Unique Antibacterial Properties of Defensins
Mechanistically, as to bacterial invasion, defensins -- upon which Brilacidin is modeled as a mimic of (pdf) -- are thought to target the structural plasticity/thermodynamic instability of invading toxins, thus increasing their susceptibility to proteolysis and degradation (for more information on this process, refer to this commentary and corresponding study).
Intra-cellular mechanisms, beyond just their membrane-lytic properties -- a distinctive “capacity for acting on multiple targets, at low dose, and by means of a variety of mechanisms” -- may also play (pdf) an important role in contributing to the overall antibacterial efficacy of AMP-based therapies (recent developments), such as Brilacidin via a “multiple-hit model” (pdf).
The Need for Newer and Better Antibiotics
As noted above, Brilacidin, as well as other similar AMP mimics or analogs -- given their broad “functional promiscuity” and “the increasing evidence” of their beneficial applications -- are being advanced (pdf) (and further optimized) as promising infectious disease agents in a world that is in need of newer and better antimicrobial drugs, toward Stopping the Superbugs.
A 2018 World Health Organization report reveals widespread antibiotic resistance among an estimated 500,000 people worldwide.
Regulatory agencies, as well as not-for-profit initiatives, such as Access to Medicine Foundation (see the Antimicrobial Resistance Benchmark project), and CARB-X, also have started to work collaboratively, proposing incentives to spur development, to get more antibiotics to market. Interest in phage therapy is experiencing a resurgence, though this anti-infective approach faces unique regulatory hurdles. Synthetic versions of Teixobactin, a small molecule antibiotic active against gram-positive bacteria, are being studied, if still years away from testing in humans.
Brilacidin-ABSSSI
Innovation Pharmaceuticals has successfully completed a Phase 2b trial of Brilacidin for Acute Bacterial Skin and Skin Structure Infection (ABSSSI).
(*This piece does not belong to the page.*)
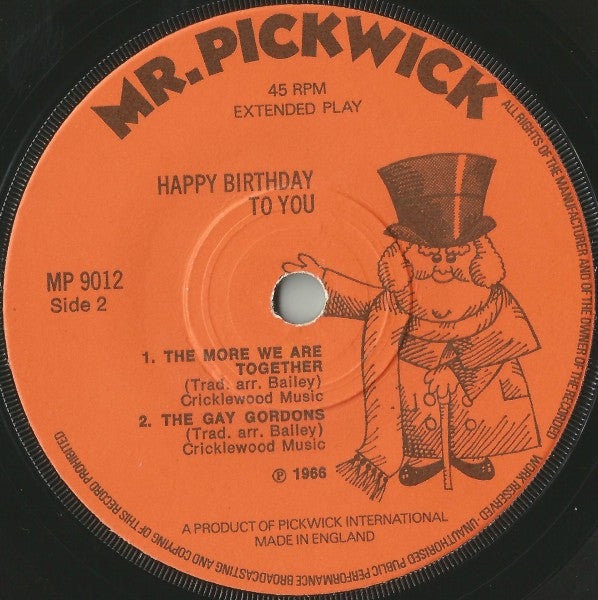 Various : Happy Birthday To You (7")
Delivered in a single intravenous dose, it performed comparably to a seven-day dose of Daptomycin (see ECCMID 2015 presentation: audio; slide deck, pdf), which generated over $1 billion in sales for both 2015 and 2016. In the United States, Brilacidin has received Qualified Infectious Disease Product (QIDP) designation from the FDA, which qualifies it both for Fast Track and Priority Review, as well as exclusivity provisions, pending approval.